## Information supplied
---
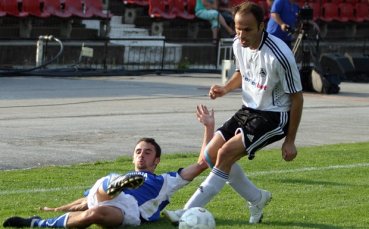 Бек на Славия под въпрос за мача с Левски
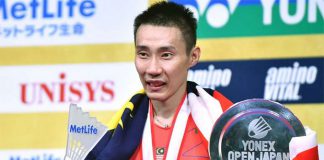 Lee Chong Wei celebrates his 6th Japan Open title in Tokyo. (photo: AFP)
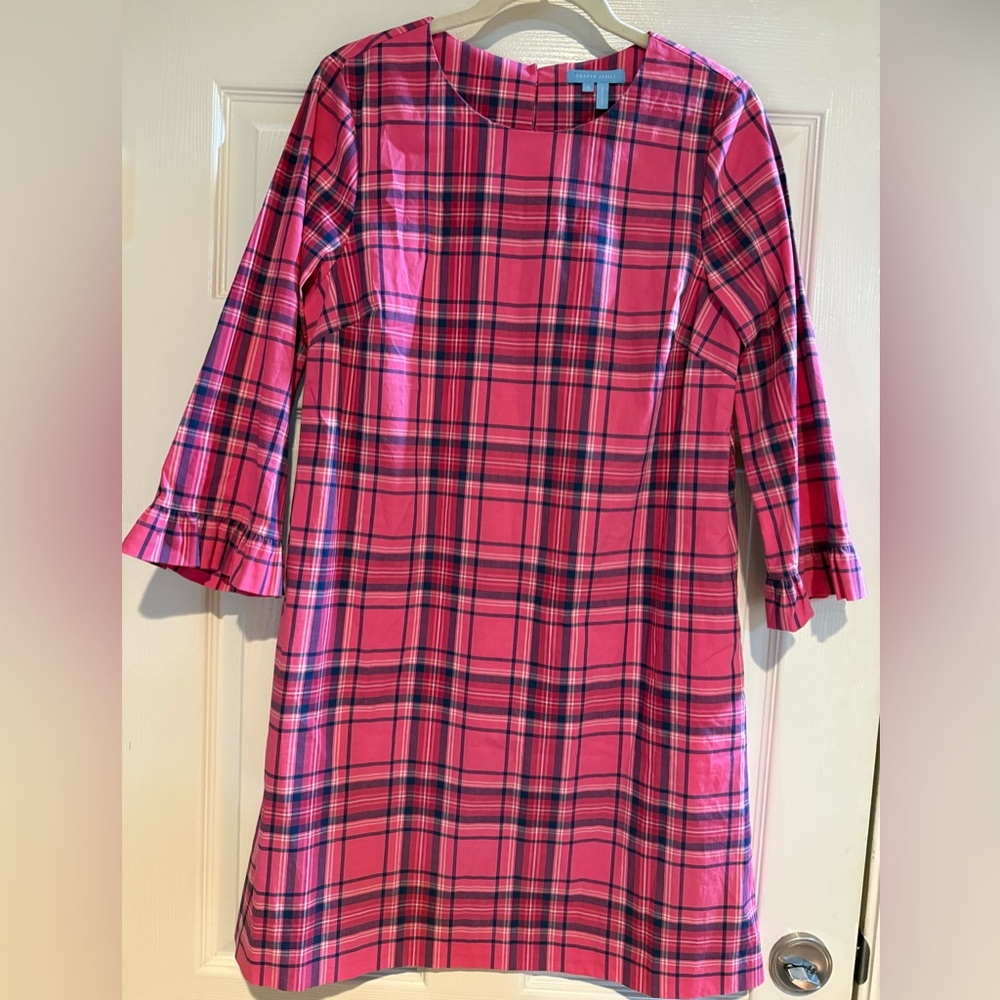 Draper James Pink Plaid shift dress ruffle sleeve with pockets size small.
---
## Aim of the exercise
Copy exactly the lines running from the line with "Lee Chong Wei" to the final line of the listing, keeping both ends and dropping any picture.

## Solution for this exercise
 Lee Chong Wei celebrates his 6th Japan Open title in Tokyo. (photo: AFP)
 Draper James Pink Plaid shift dress ruffle sleeve with pockets size small.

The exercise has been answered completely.